INFORMATION SHOWN Start Marker
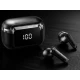 Casti Wireless Pro90 MAX TWS bluetooth afisaj digital LED carcasa de incarcare Design Modern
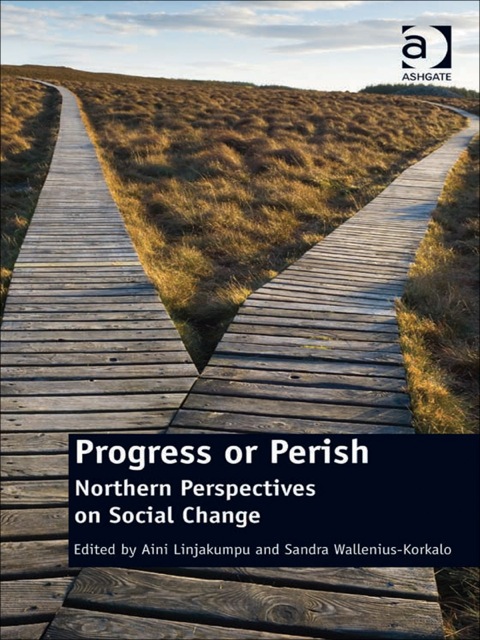 Cover image for book Progress or Perish: Northern Perspectives on Social Change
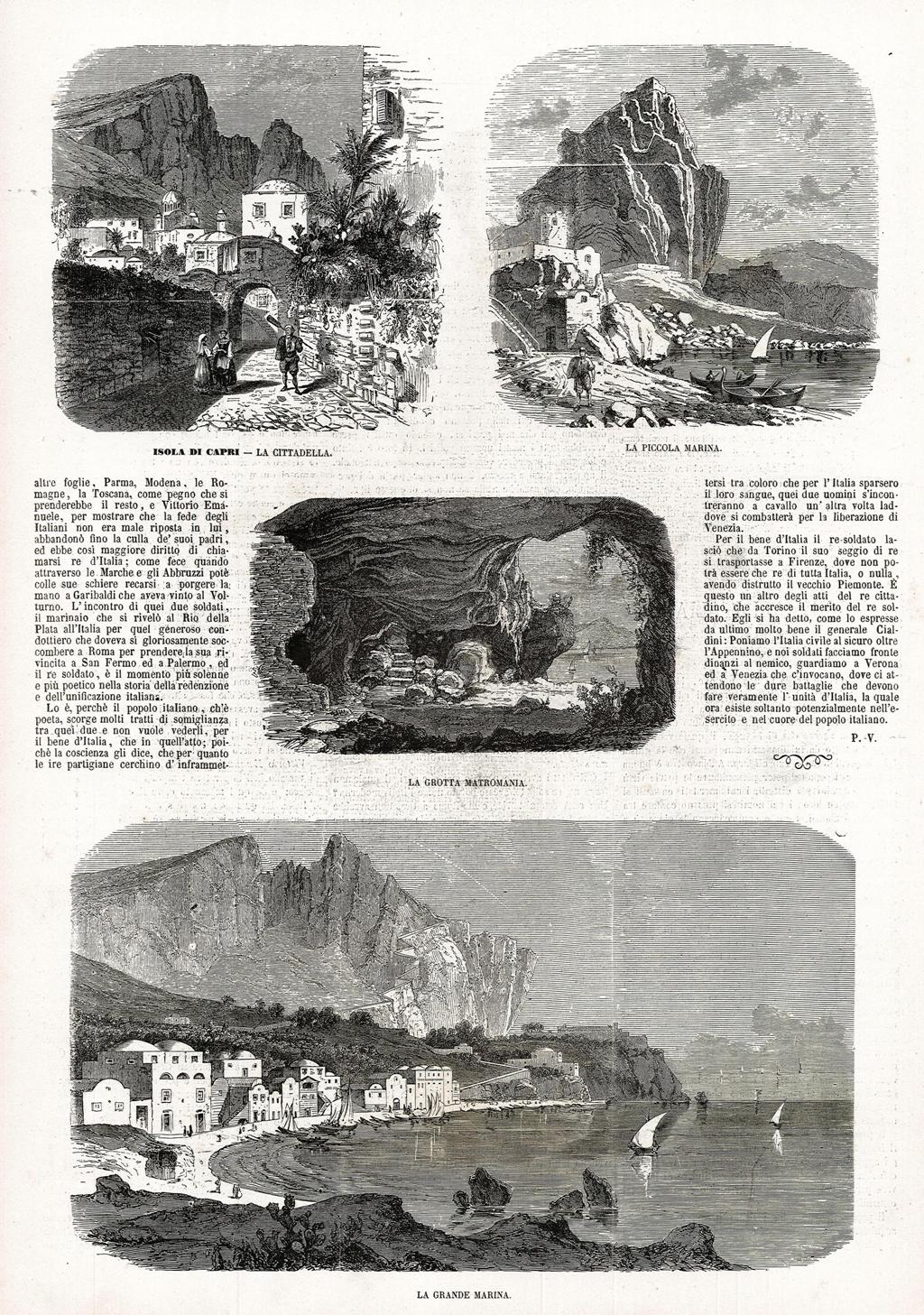 Isola di Capri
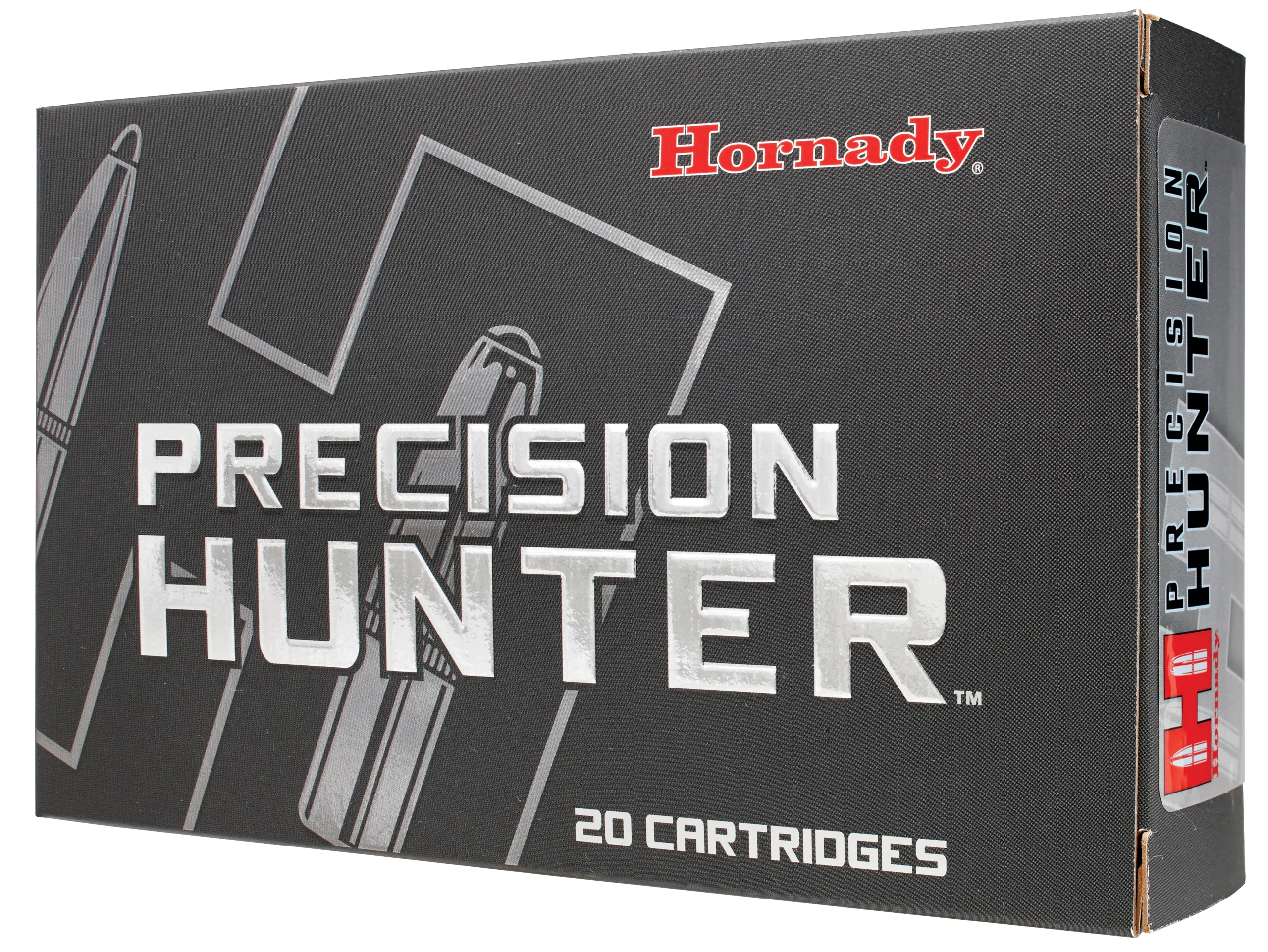 Hornady Precision Hunter 6.5 Creedmoor 143gr ELD-X - Box or Case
INFORMATION SHOWN End Marker
After removing the pictures, restate the whole listing above word for word.

 Casti Wireless Pro90 MAX TWS bluetooth afisaj digital LED carcasa de incarcare Design Modern
 Cover image for book Progress or Perish: Northern Perspectives on Social Change
 Isola di Capri
 Hornady Precision Hunter 6.5 Creedmoor 143gr ELD-X - Box or Case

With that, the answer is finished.